I plot the coefficients with a variety of penalty values below. The idea is that variables whose coefficients are non-zero for a larger share of the range of the x-axis have higher “importance” to the original model (which itself is, again, contrived). Clearly, the coefficient on the border item is the most resilient. In contrast, items like the green jobs program and public generic pharmaceuticals quickly go to zero. Again, this is not because they’re unimportant except in teh sense of discriminating between Democrats and Republicans. Voters across the spectrum either support or oppose many policies at about the same rate, whereas voters are also clearly split on the border, and on items like Medicare for All and pro-gun attitudes.
One can probably already see that each plot provides substantively similar interpretations: each is meant to show which coefficients are larger than the others. For example, if we subset the analysis to only voters under the age of forty-five, we can see that the magnitude of the coefficient on pro-gun attitudes gains slightly on Medicare for All.

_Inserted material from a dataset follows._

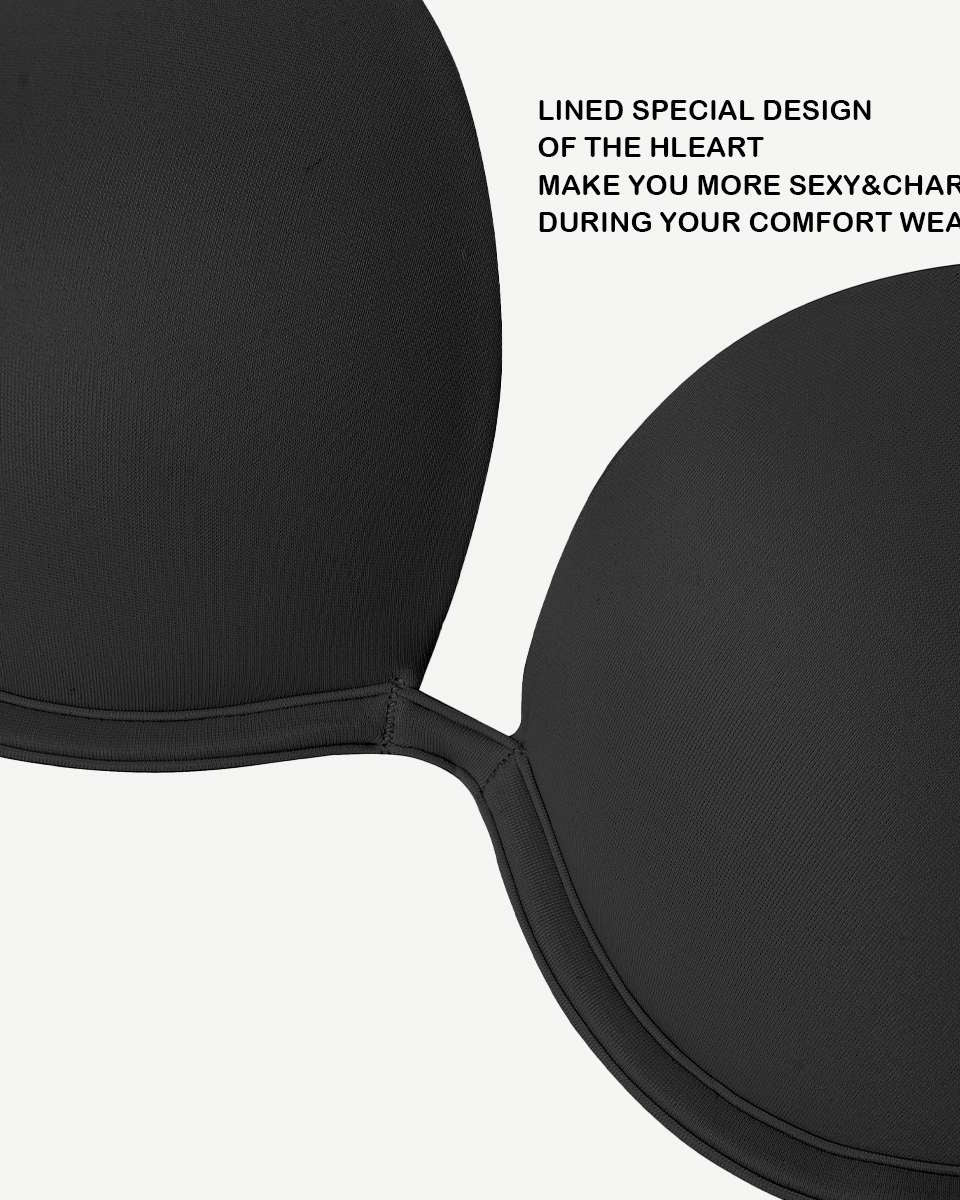 Deep V Padded Push Up Bra with Underwire, Black Wingslove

And, at the same time, we can see that the range of “importance” for gun attitudes gains on Medicare for All. For voters under the age of forty-five, pro-gun attitudes are slightly better discriminator of vote choice than among the full sample.
In understanding why the shutdown is playing out as it is, it is crucial to know that just because Trump owns the wall (and the shutdown) does not mean that Democrats’ attitudes on the wall are unimportant. On the contrary, they appear to be a strong motivator of the party leadership’s strategy. More so than any of the major policies that will be on the table in the coming few cycles, the wall serves as the highest lightning rod, and is the issue Trump has forced each side to fight over as his shutdown continues.